Principals will have much different content to share with their staff members. This may blog posts about their philosophies and beliefs, school issues, curriculum topics, data and instruction, technology integration, and professional development topics. Lastly, principals will blog very differently when they target fellow principals and area superintendents.These blog posts will probably be very transparent and reflective.
Blogging Best Practices
There are many options for best practices related to principals blogging. Here are five that I derived from the book Hacking Leadership.
1. Plan – there are many things to plan. Plan about the topics for blog posts, the platform you will use, the frequency of your posts, and the schedule you will follow.
2. Constant Flow – there is one shortcoming that will cause your audience to fall away and that is not posting on a regimented schedule. You will have followers. They will be looking forward to your posts. You do not want to be inconsistent. Select a specific day to post on and always post on that day or days.
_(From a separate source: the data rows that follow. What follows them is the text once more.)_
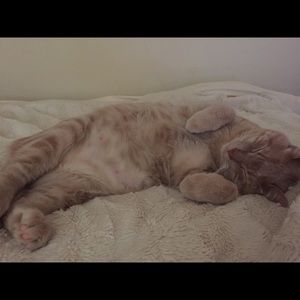 Meet your Posher, Lindsay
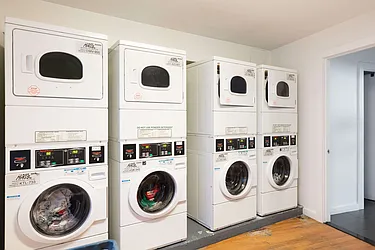 Rented by Bold New York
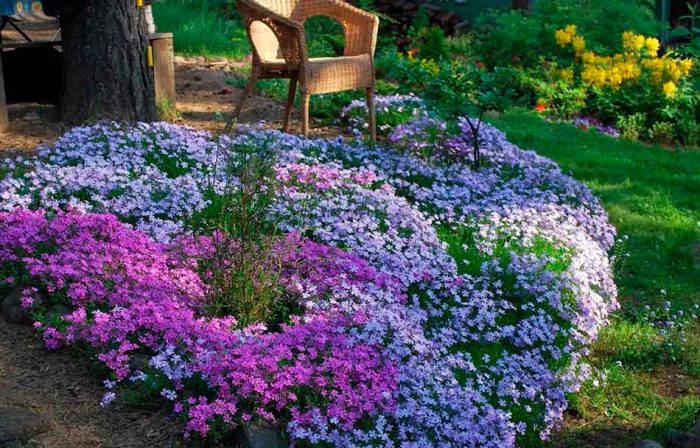 Características de Phlox subulata: foto, cuidado, especie, descripción, reproducción.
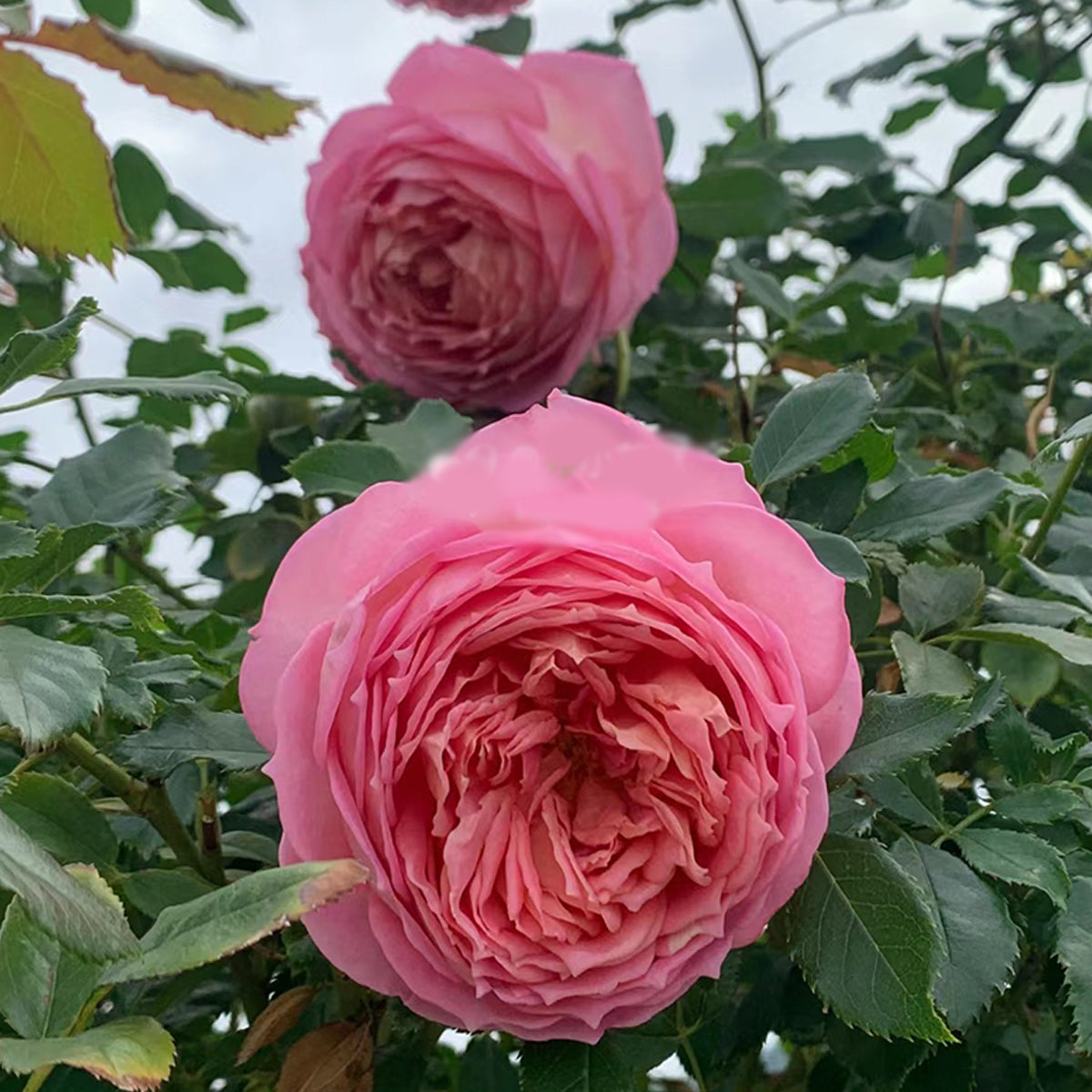 AUShunter English Garden Shrub Rose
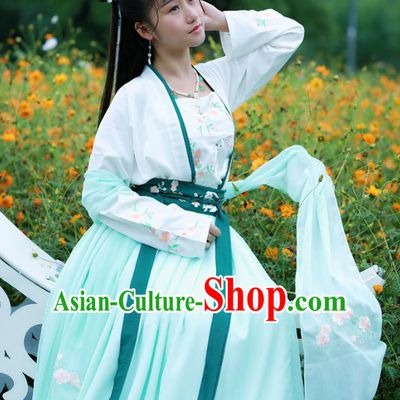 Chinese Tang Dynasty Village Girl Embroidered Costumes Traditional Ancient Young Lady Hanfu Garment Blouse and Skirt Full Set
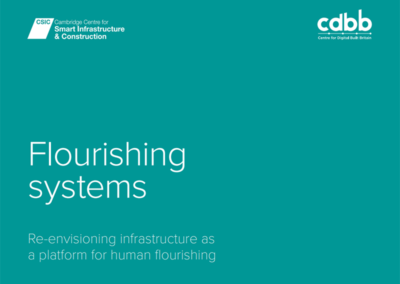 Flourishing Systems
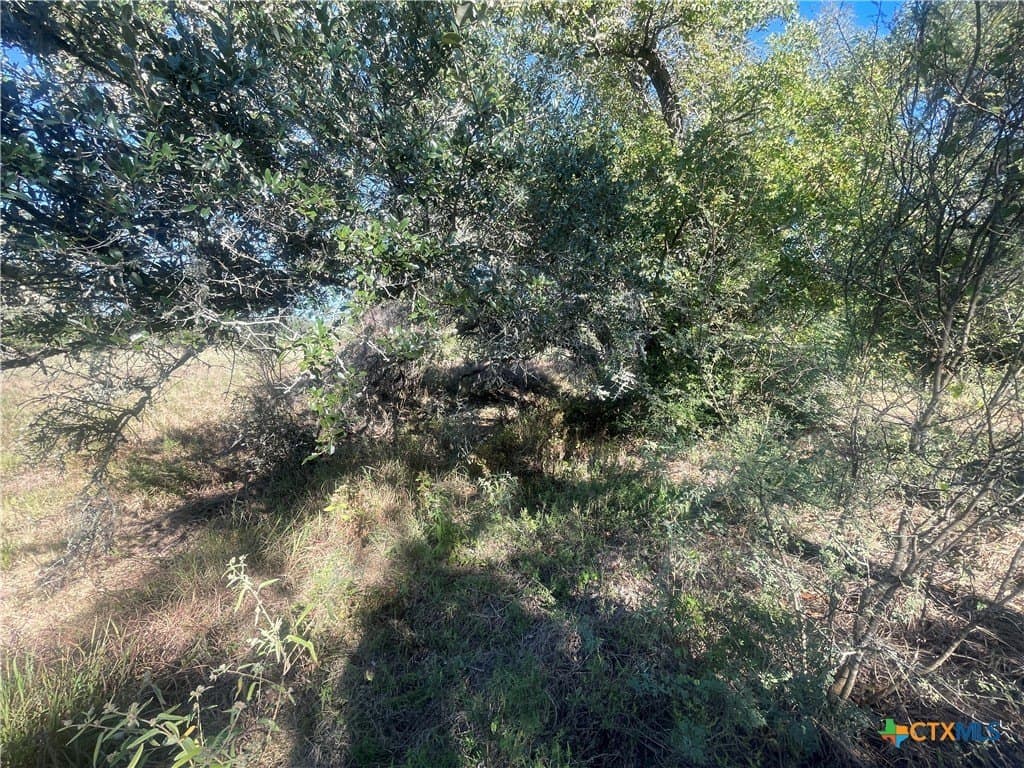 34.3 acres in DeWitt County - photo 13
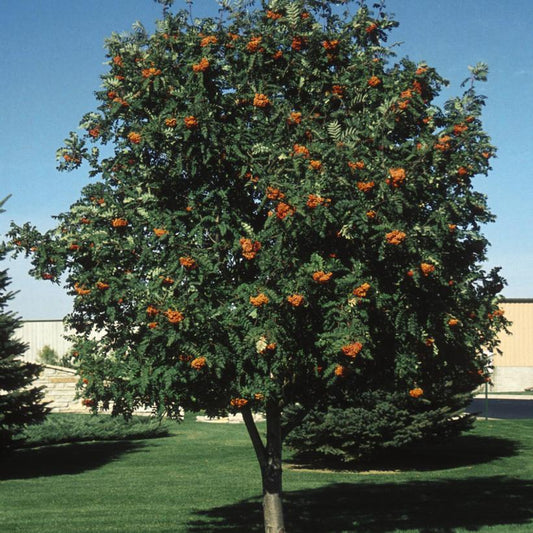 SORBUS AUCUPARIA `CARDINAL ROYAL`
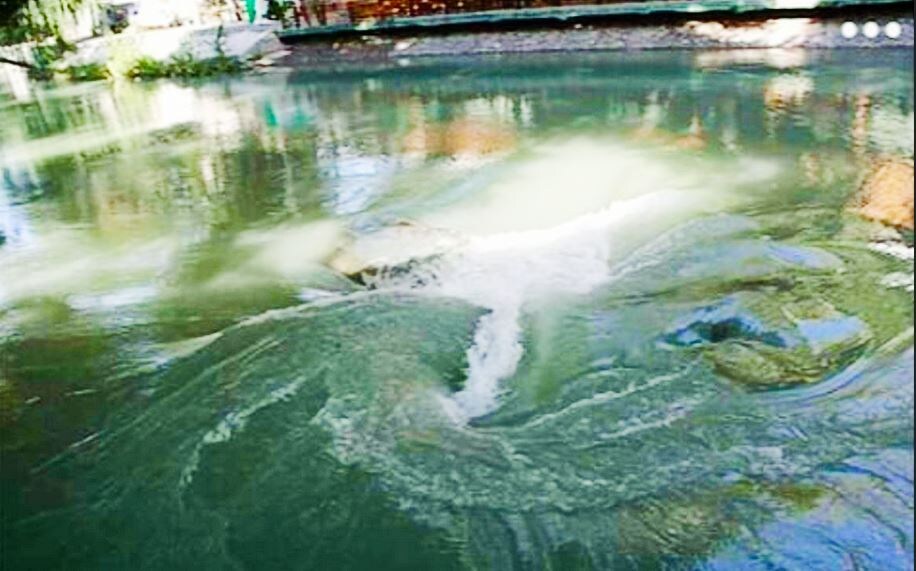 Засосет, выплюнет и не подавится.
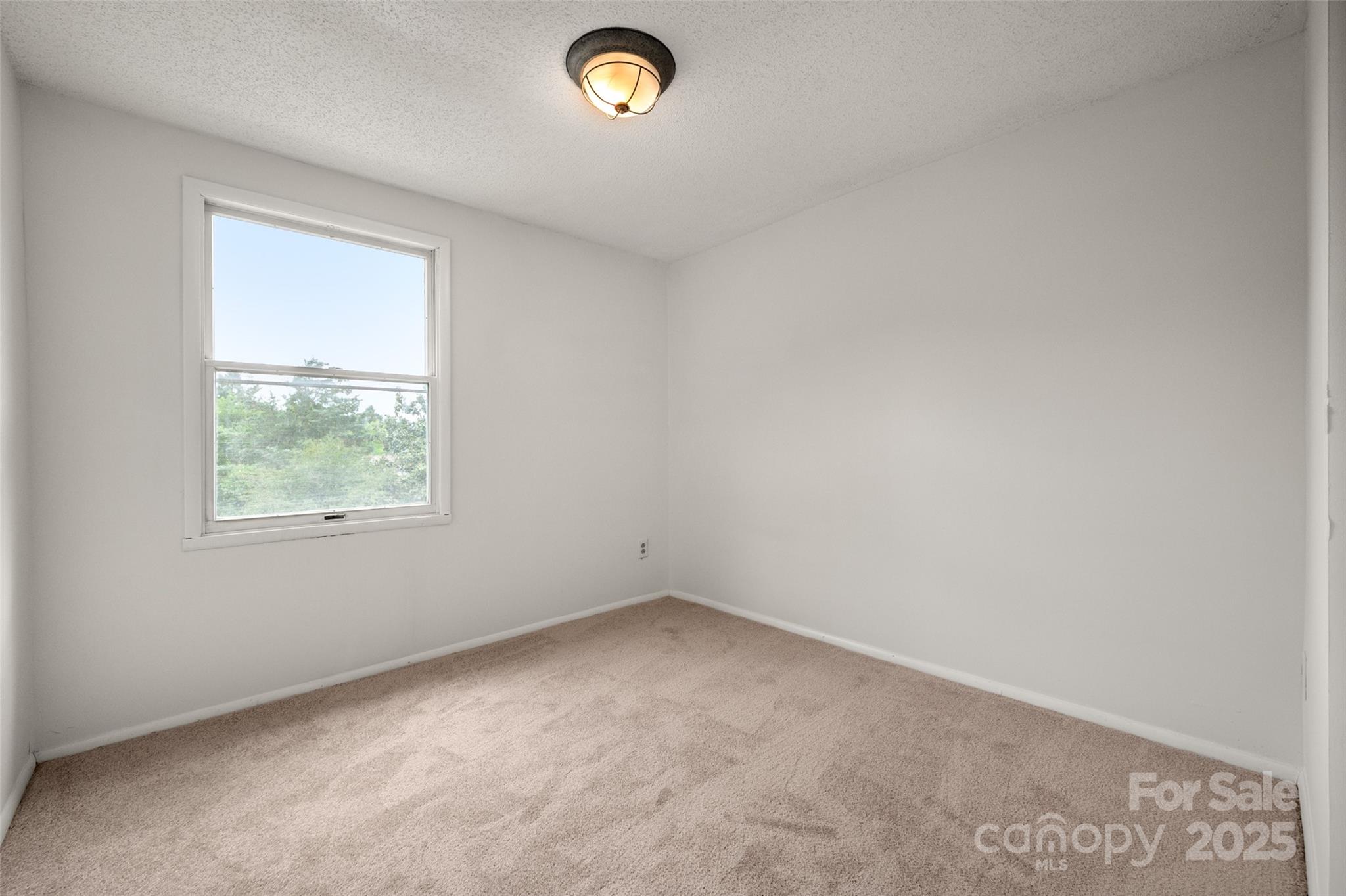 7309 Pebblestone Drive D Property Photo 15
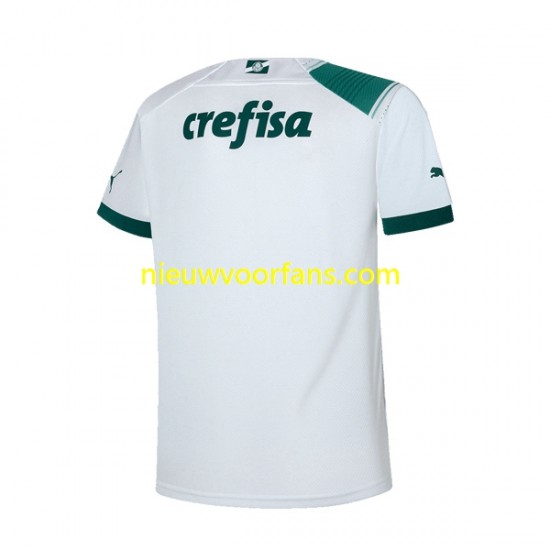 Palmeiras Heren Shirt met Bedrukking Uit 2023-2024 Korte Mouw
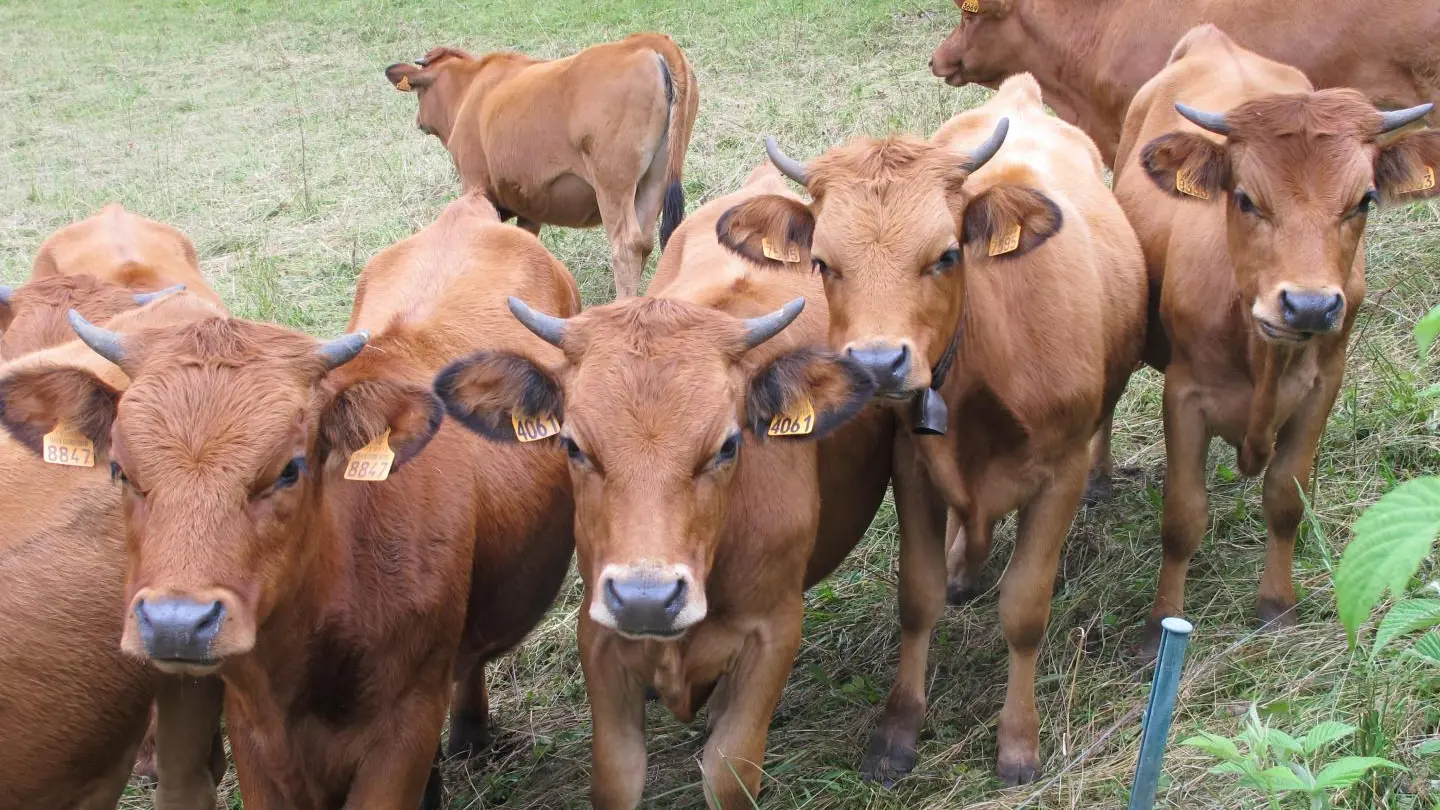 Savez- vous compter les cornes ?
Et les pattes ? et les pattes ...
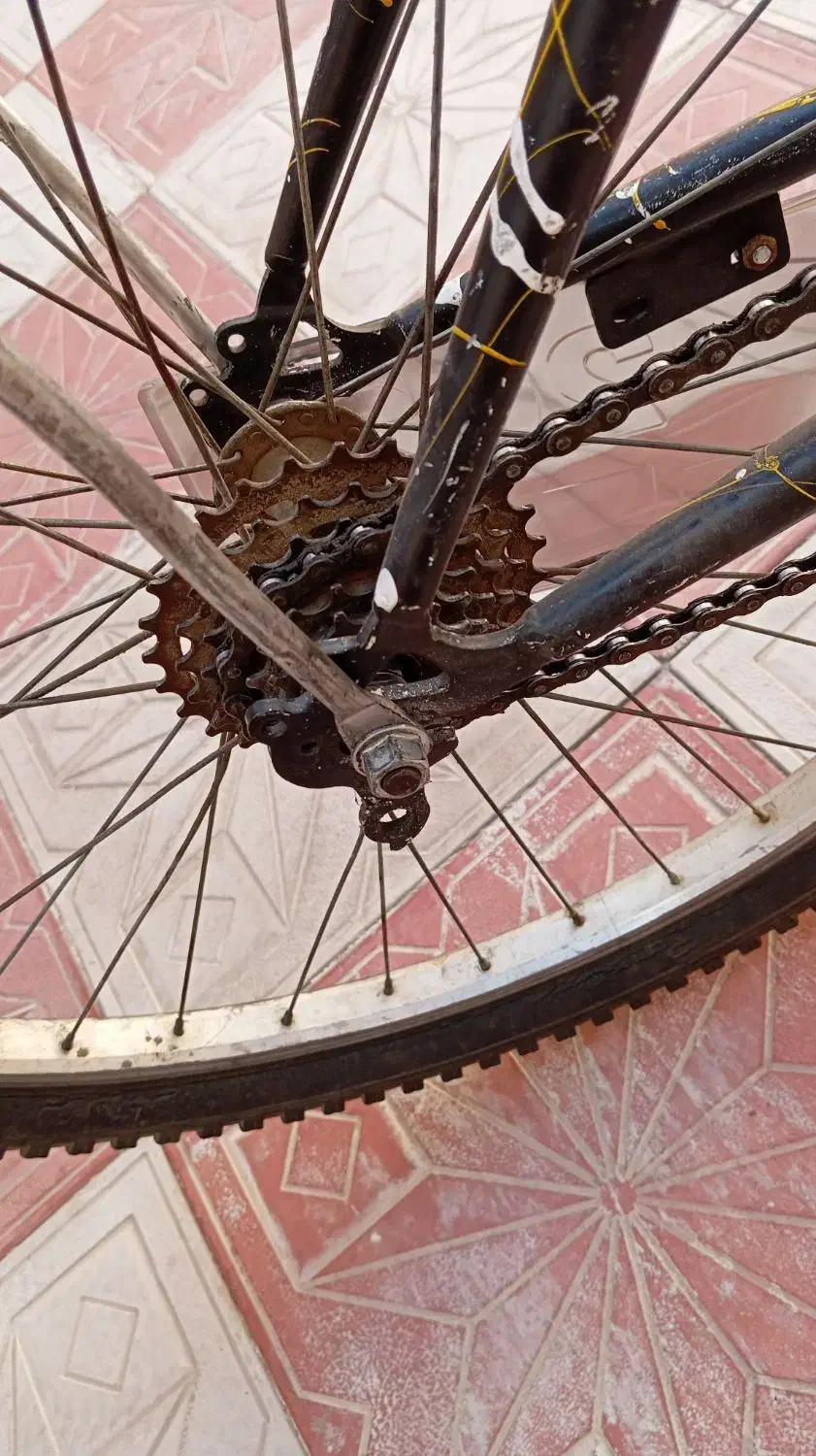 دوچرخه ۲۶|دوچرخه، اسکیت، اسکوتر|هریس, |دیوار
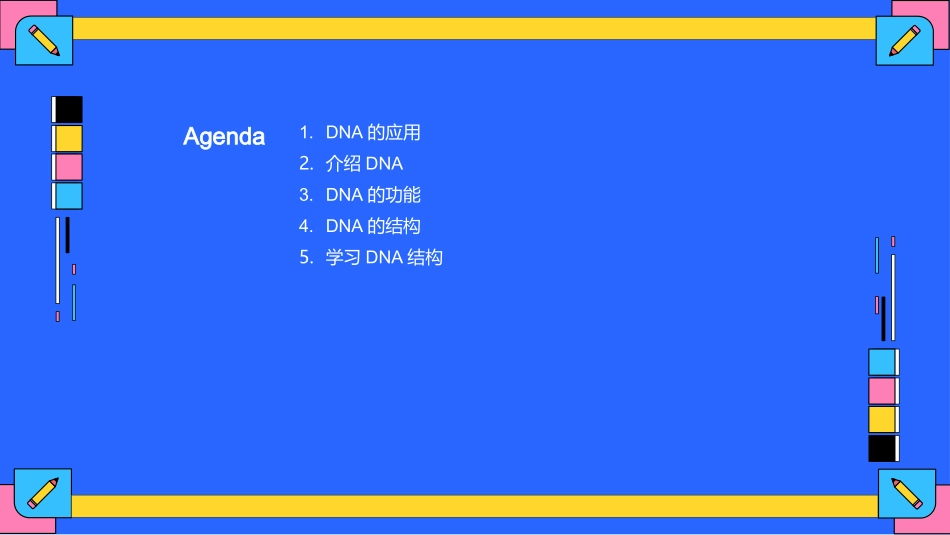 DNA结构与功能-生物教师_第2页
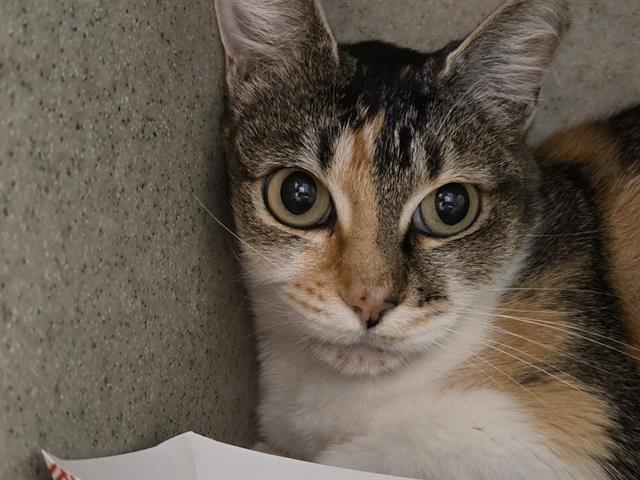 Shelter Stray Female Cat last seen Near BLOCK S 160TH ST, SEATAC WA 98188, 21615 64th Ave S, Kent, WA 98032, USA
3. Dynamic & Relevant – capture your audience by relating to them. A dynamic post will include multimedia and new content that your audience can relate to and apply.
4. Transparent & Reflective – This may be a challenge for admin. What I mean is that there are times when an administrator should not be transparent or reflective. When we reflect, we talk about what we learned and sometimes admit we made mistakes. This may not be something a principal would want to include in a blog post to student, parents, or the community; however, there may be times when this would be appropriate. Admin will mostly be transparent and reflective with their area superintendents, but could be inspiring to their staff members.
5. Reply – blogging gives your audience the opportunity to comment to your blog posts. Reply to the comments to spur discourse. This will hook your audience and communicate to them that you are engaged with them and present.
Digital Tools and Platforms for Blogging
In the WCPSS there are two options for principals. Admin can use Schoolwires or Blogger. This is not the venue to get discuss the technical details of these two platforms. I recommend you contact your area DLC to support you in your blogging expeditions.